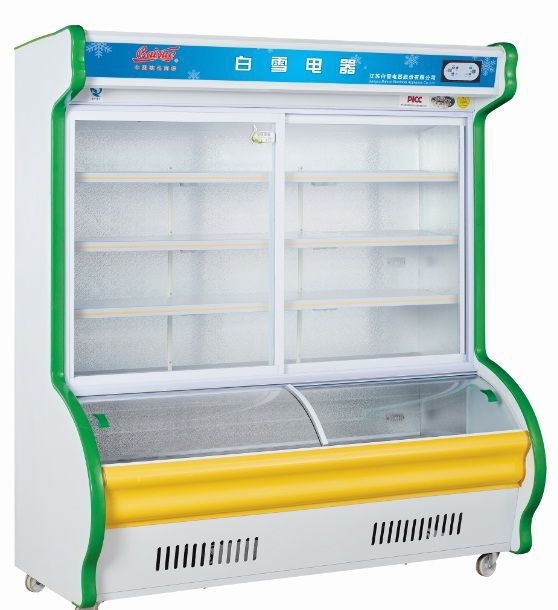 ��ѩ����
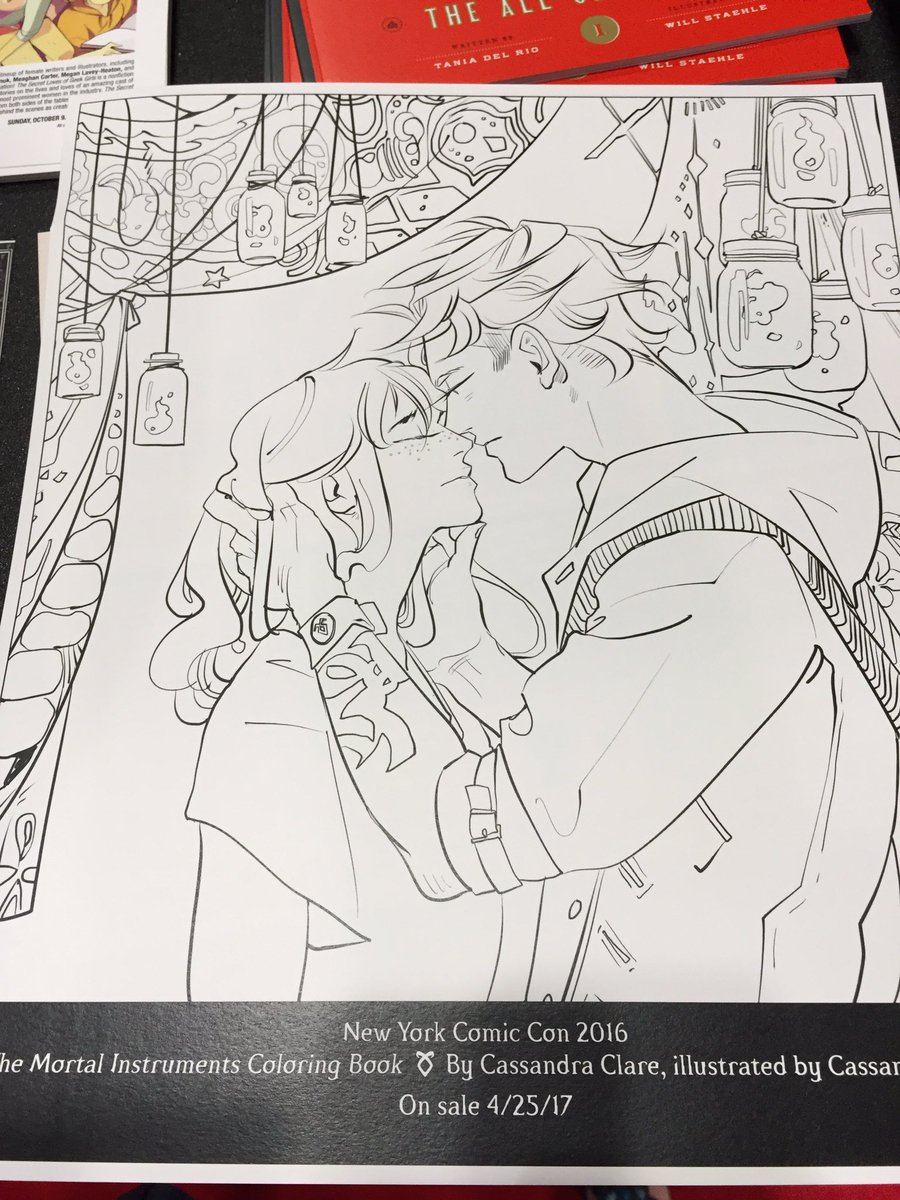Download Coloring Pages Kids 2020: 32 The Official Mortal ...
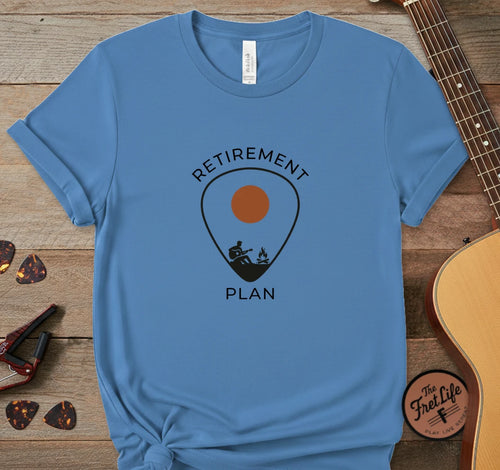 https://wescale-cdn.com/generated-mockups/06643e60-6f9f-4676-8a50-5fdfdc8f17c0/95c6ccee-668c-484f-a77b-49edc5ba2269/8e6097f5-b301-4f0d-8a4e-f80583fc826b_903b9ea3-c87f-488b-8827-a00eb1566e29.webp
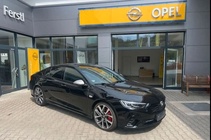 Opel Insignia 2019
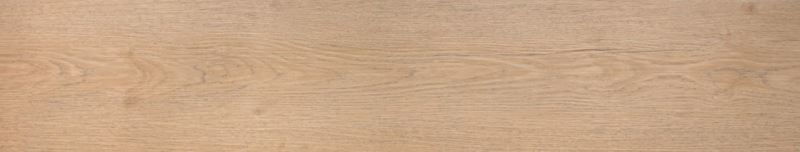 Кварцвиниловая плитка "DeArt Floor" Lite Орешник Золотистый (935*187*2,0мм) — купить в Чите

+---+

Exercise objective: Output each record above exactly as written. Skip any pictures.

Output for this exercise:
 ��ѩ����
Download Coloring Pages Kids 2020: 32 The Official Mortal ...
 https://wescale-cdn.com/generated-mockups/06643e60-6f9f-4676-8a50-5fdfdc8f17c0/95c6ccee-668c-484f-a77b-49edc5ba2269/8e6097f5-b301-4f0d-8a4e-f80583fc826b_903b9ea3-c87f-488b-8827-a00eb1566e29.webp
 Opel Insignia 2019
 Кварцвиниловая плитка "DeArt Floor" Lite Орешник Золотистый (935*187*2,0мм) — купить в Чите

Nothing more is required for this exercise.